◆ Directions for this task
From the first line to the last, copy the listing exactly and omit the images.

◆ Available data
══════════
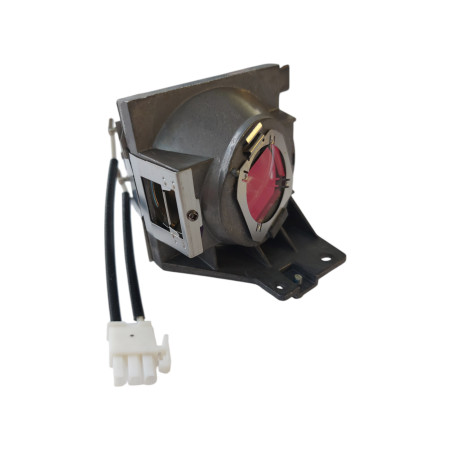 Lampe pour BENQ - EX800ST (Original Inside)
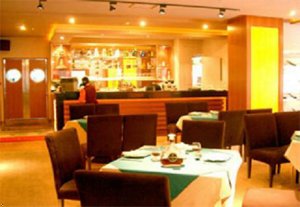 Yunshan Hotel Guangzhou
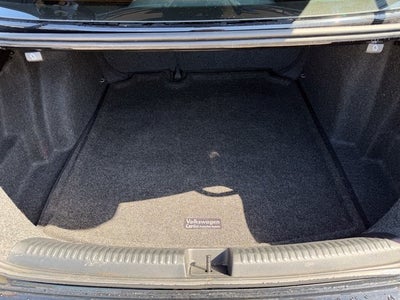 2016 Volkswagen Jetta 1.4T S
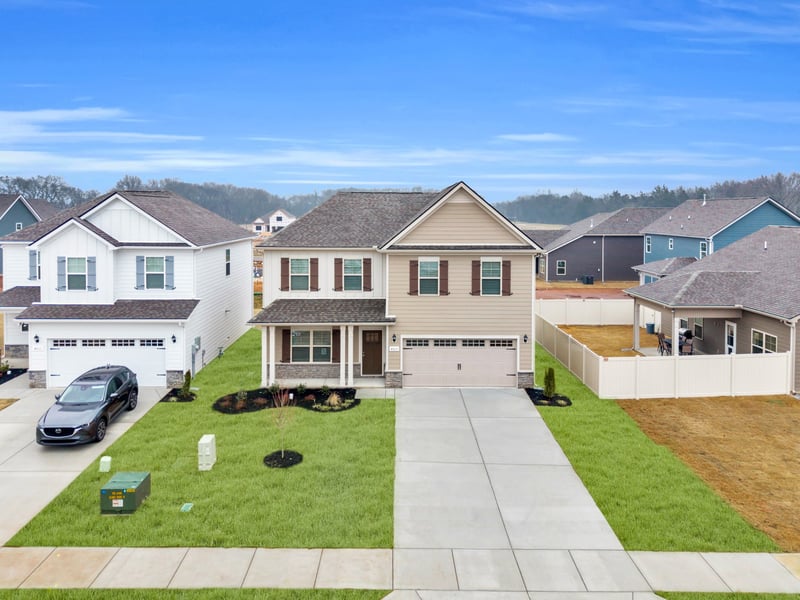 4015 Colleton Ln, Murfreesboro, TN 37128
══════════
◆ Exercise result
 Lampe pour BENQ - EX800ST (Original Inside)
 Yunshan Hotel Guangzhou
 2016 Volkswagen Jetta 1.4T S
 4015 Colleton Ln, Murfreesboro, TN 37128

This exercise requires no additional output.